Phil Smith on pg. 116 of his book ‘Mythogeography’ states that in seeking to re-imagine and re-interpret the familiar we should try not to:
‘discriminate between respectable and non-respectable types of knowledge’ but instead insist ‘on the presence of popular, trash, pulp layers, and the foregrounding of […] autobiographical and non-rational associations…’
so, in working to better understand the motivation underlying the work of the boatman painters I’ve begun to ask questions:
- Why, as an art form, did canal ware painting not evolve beyond it’s original narrow frame of reference?
- Why are the same images replicated again and again with varying degrees of skill or conviction?
And I’m beginning to re-imagine the Water Can.

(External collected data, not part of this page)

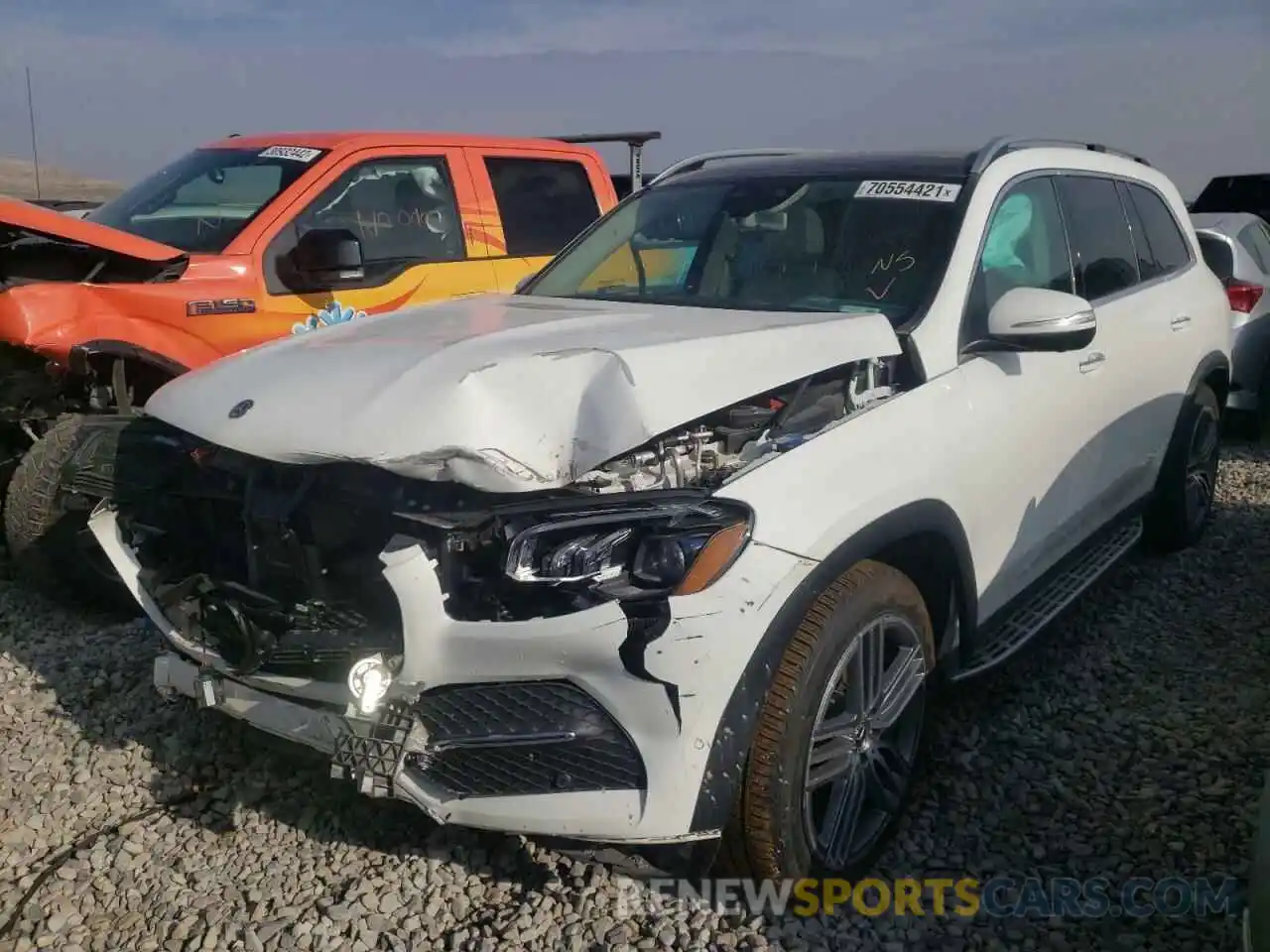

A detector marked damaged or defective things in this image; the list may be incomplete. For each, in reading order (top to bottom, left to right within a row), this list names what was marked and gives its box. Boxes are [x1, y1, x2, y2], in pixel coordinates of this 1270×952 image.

crumpled hood [144, 294, 904, 492]
damaged front end [84, 355, 899, 842]
detached bumper piece [411, 680, 645, 801] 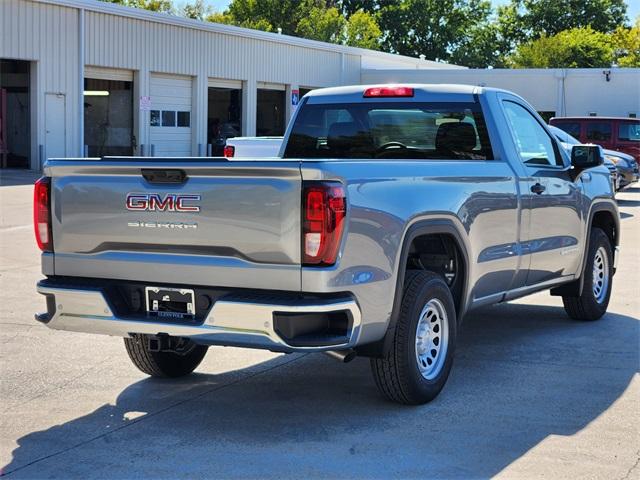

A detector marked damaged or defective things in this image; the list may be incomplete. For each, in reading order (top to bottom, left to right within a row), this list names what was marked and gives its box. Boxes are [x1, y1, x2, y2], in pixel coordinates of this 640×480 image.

pavement crack [0, 352, 310, 476] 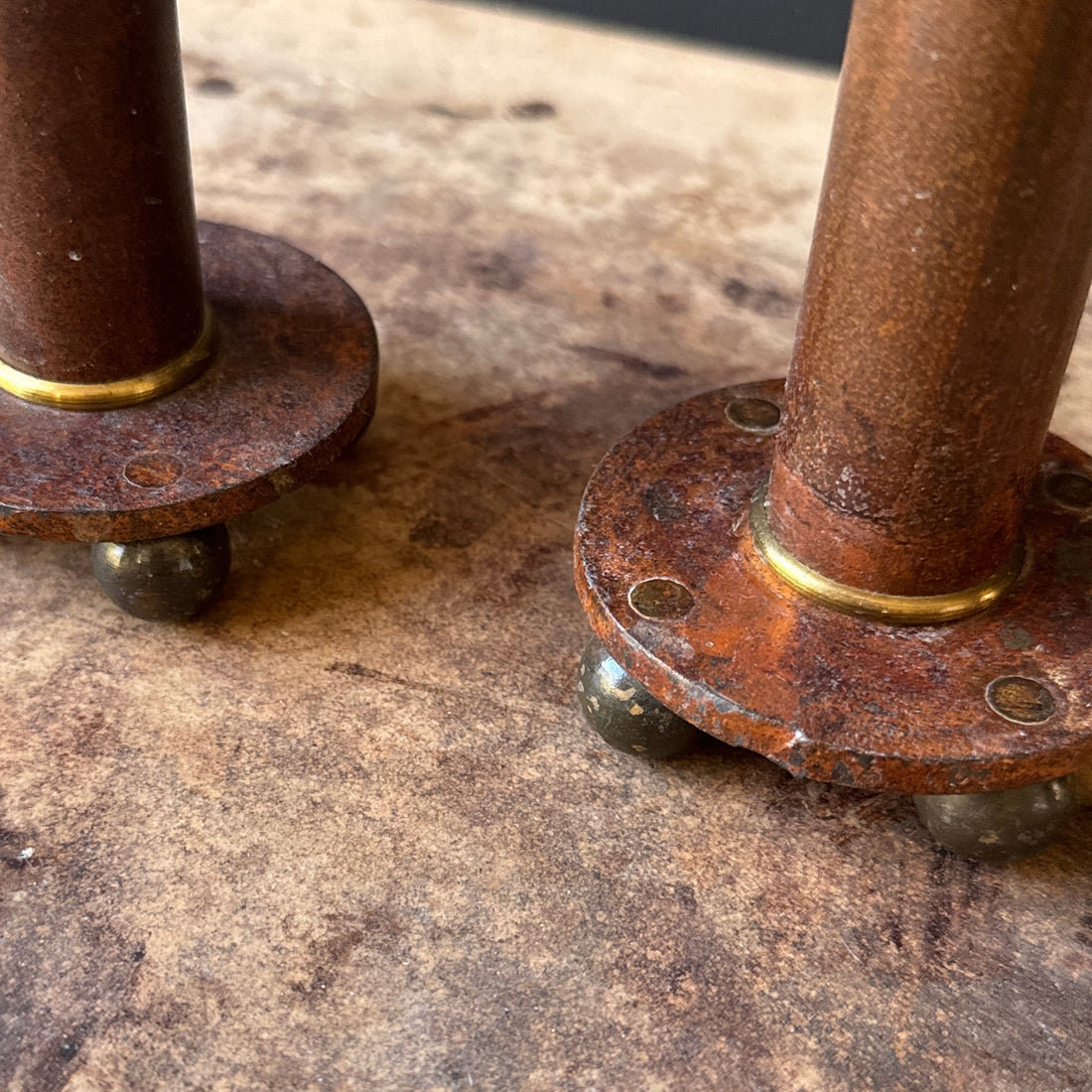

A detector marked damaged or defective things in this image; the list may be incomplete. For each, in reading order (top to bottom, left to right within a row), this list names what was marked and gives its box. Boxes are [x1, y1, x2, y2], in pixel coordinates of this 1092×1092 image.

rusty candlestick [0, 0, 381, 615]
rusty candlestick [572, 0, 1092, 866] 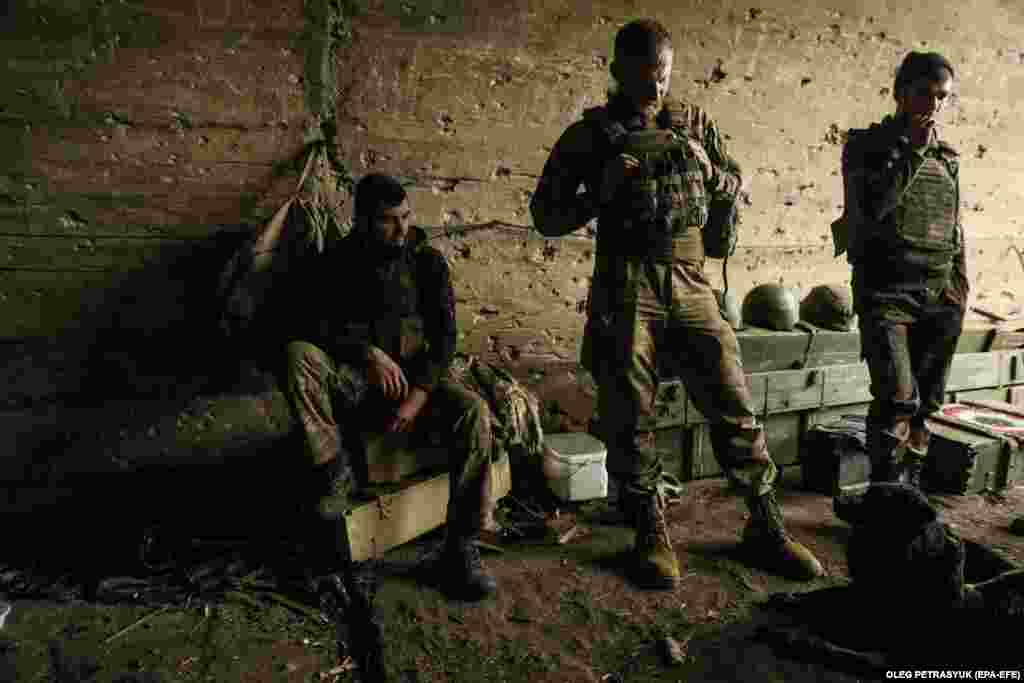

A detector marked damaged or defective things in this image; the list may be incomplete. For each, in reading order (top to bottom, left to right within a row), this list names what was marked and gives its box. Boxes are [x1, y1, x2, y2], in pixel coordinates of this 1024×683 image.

damaged plaster wall [2, 1, 1024, 458] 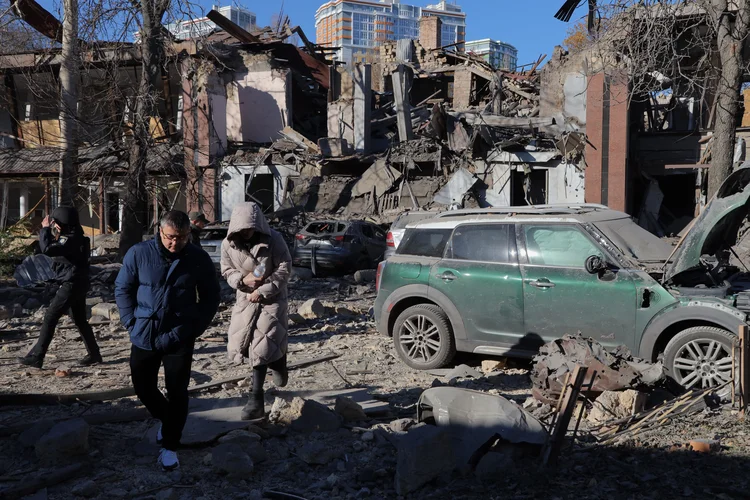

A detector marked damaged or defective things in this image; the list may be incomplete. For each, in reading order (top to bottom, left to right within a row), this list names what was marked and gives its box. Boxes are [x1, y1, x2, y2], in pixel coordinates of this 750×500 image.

damaged car [294, 220, 388, 274]
broken window [400, 228, 452, 258]
broken window [446, 222, 516, 262]
broken window [524, 225, 608, 268]
damaged vehicle roof [668, 168, 750, 284]
damaged green suv [376, 169, 750, 390]
damaged car [376, 170, 750, 392] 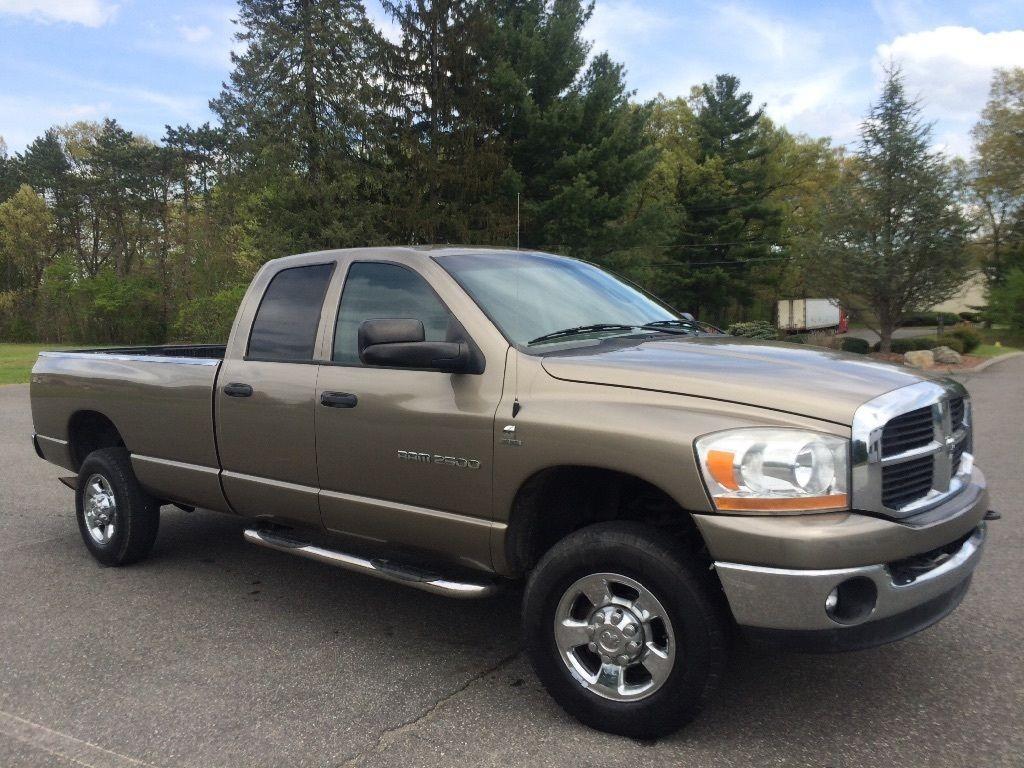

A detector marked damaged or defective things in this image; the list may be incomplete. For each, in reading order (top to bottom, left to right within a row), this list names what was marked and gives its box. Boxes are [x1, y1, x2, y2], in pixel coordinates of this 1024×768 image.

pavement crack [342, 651, 524, 768] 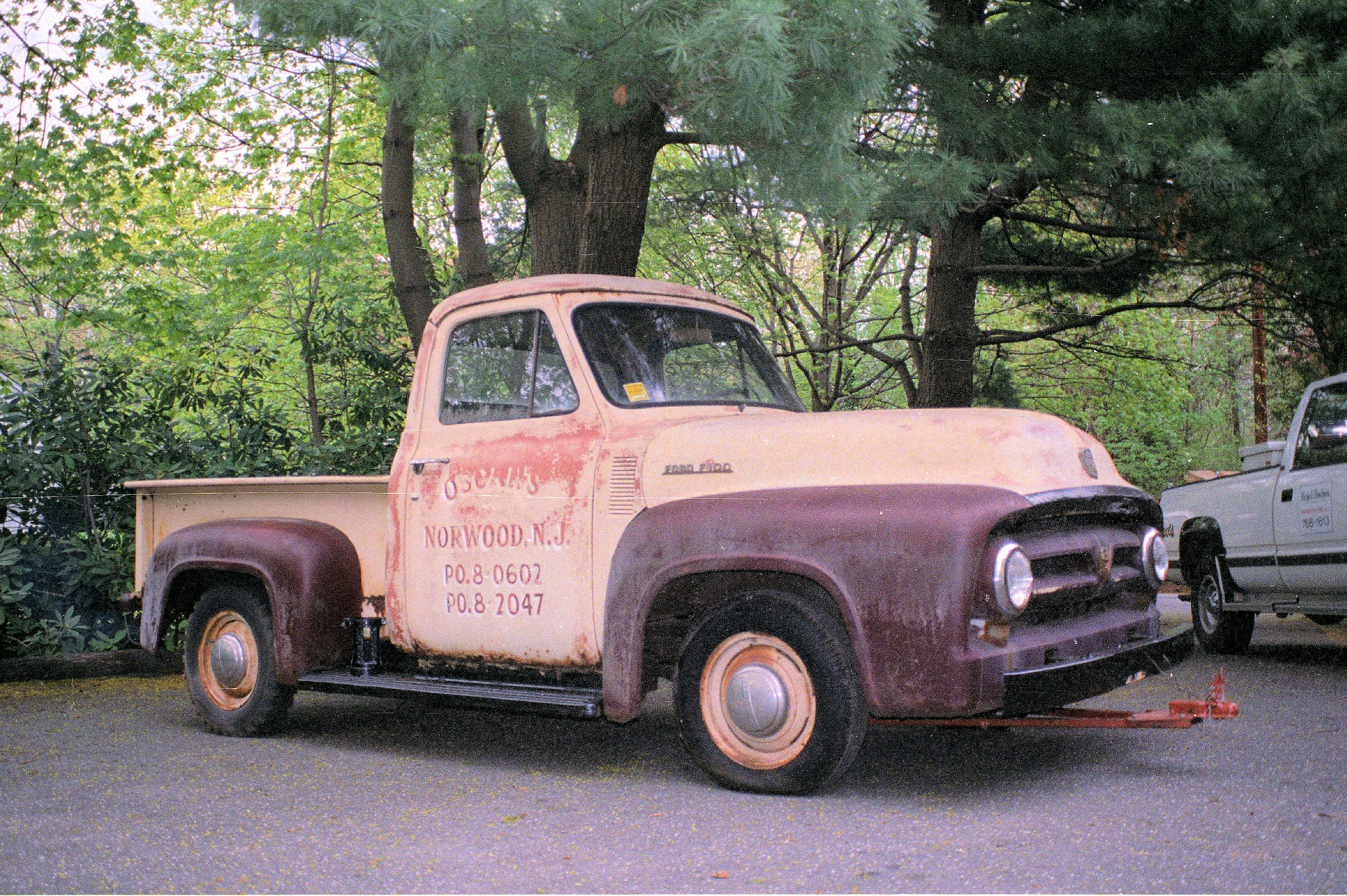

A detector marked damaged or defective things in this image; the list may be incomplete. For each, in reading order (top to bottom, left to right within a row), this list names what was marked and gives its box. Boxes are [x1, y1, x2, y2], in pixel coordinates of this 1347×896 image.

- What would happen, for example, if I didn’t try to emulate what had been done before, but took as a starting point my own roots and visual culture?
- What would happen if I reinterpreted the traditional ingredients of canal ware painting – the castles, landscapes flowers and flourishes – through typography or cartography, through folk art, children’s book illustrations or line drawings etc.
My particular take on the canalware of the boatmen painters probably won’t find favour with the purists, after all what I’m exploring, whilst nodding respectfully to tradition, is not a slavish adherence to the past. Rather than making a rather stilted copy of someone else’s style I’m heading off on my own, and working towards something I can call my own – a Journey Can perhaps?